En América Latina, la autonomía se concibió menos como un escudo liberal y más como una arquitectura republicana. La Reforma de Córdoba, de 1918, normalizó el ideario de la libertad de cátedra, la responsabilidad social y los concursos públicos; pero también la periodicidad en la docencia y en el autogobierno, la democracia en el claustro y en el sistema universitario. Esta matriz —social, democrática y latinoamericanista— ancló la legitimidad y la legalidad universitaria en su responsabilidad pública y en la participación real de su comunidad. Por supuesto que se puede aseverar que el Grito de Córdoba combatió los privilegios corporativos.
Con el tiempo, dicho modelo se positivó en las constituciones y leyes de diversos países de la región. Así, Brasil reconoce la autonomía didáctico-científica, administrativa y financiera; Colombia garantiza a las universidades darse sus propios estatutos. Como ha quedado establecido, el Perú consagra la autonomía normativa, de gobierno, académica, administrativa y económica. En todos los casos, la autonomía no es un fin en sí mismo, sino la condición para que la universidad cumpla con su misión.
Europa construyó la autonomía universitaria sobre dos pilares. El primero, jurídico-constitucional: Alemania protege la libertad científica y España reconoce expresamente la autonomía universitaria. El segundo, sistémico-comparado: la European University Association mide la autonomía organizativa, financiera, académica y de recursos humanos, mostrando modelos diversos, flexibles, como los nórdicos y anglosajones, y otros más estatizados, que condicionan el margen real de decisión. La lección del ejercicio comparado es sobria: no basta reconocer la libertad; hay que darle reglas estables, personal idóneo y recursos suficientes.
No obstante, en el Perú persiste una tentación autoritaria: legislar desde el poder contra la forma constitucional que las cartas políticas de 1978 y 1993 delinearon para proteger a la universidad como institución. Esa deriva olvida que la universidad no es un apéndice del Estado, sino una comunidad que se otorga su propio gobierno para hacer ciencia. A esto se suma una carencia estructural: la renuencia a tratar la educación universitaria como un derecho fundamental, a través de maniobras —entre ellas las presupuestales— que erosionan el piso material de la autonomía.

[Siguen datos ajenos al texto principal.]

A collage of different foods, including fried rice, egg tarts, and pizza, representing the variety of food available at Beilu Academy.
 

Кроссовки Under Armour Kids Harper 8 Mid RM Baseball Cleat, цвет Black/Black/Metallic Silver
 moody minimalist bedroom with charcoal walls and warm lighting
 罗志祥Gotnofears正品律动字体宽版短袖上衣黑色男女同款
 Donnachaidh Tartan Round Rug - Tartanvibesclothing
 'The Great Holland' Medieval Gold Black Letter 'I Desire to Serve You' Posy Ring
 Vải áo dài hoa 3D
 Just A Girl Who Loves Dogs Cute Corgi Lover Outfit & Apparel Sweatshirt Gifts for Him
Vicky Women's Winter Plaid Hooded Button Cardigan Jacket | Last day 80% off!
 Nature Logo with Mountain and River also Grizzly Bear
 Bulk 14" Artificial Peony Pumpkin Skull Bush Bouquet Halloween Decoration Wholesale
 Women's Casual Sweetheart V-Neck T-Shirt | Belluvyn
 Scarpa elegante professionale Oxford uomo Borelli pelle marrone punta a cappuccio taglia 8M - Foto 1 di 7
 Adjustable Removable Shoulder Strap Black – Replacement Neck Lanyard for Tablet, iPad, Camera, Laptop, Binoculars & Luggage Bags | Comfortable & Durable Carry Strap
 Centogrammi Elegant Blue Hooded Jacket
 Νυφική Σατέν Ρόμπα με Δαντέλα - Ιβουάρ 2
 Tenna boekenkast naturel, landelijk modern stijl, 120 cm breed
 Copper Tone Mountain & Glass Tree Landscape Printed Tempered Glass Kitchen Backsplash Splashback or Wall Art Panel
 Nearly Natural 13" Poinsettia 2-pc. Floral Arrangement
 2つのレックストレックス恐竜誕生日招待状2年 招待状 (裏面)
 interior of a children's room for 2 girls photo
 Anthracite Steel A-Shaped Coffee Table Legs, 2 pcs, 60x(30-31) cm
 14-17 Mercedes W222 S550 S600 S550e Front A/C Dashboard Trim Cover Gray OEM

Del cruce de miradas, esta columna propone cuatro tareas mínimas. Una, asumir las “cuatro libertades” como piso irrenunciable. Dos, reforzar el cogobierno y la extensión sin perder estándares ni profesionalismo. Tres, consolidar marcos organizativos con rendición de cuentas, que permitan decidir bien y explicar mejor. Cuatro, estabilizar el financiamiento, evitando tanto la asfixia estatal como la captura privada. Solo así el “aevum”, o el propio tiempo universitario, puede vencer la impaciencia del corto plazo.
Este artículo también propone una cláusula constitucional de garantía reforzada: que vincule el derecho a la educación con el deber estatal de financiarlo progresivamente, y que establezca una gobernanza que combine participación democrática, excelencia académica y sostenibilidad. Cuando Haya de la Torre llamó a la universidad “la conciencia crítica de la nación”, estaba pensando en el “aevum”, o el propio tiempo universitario.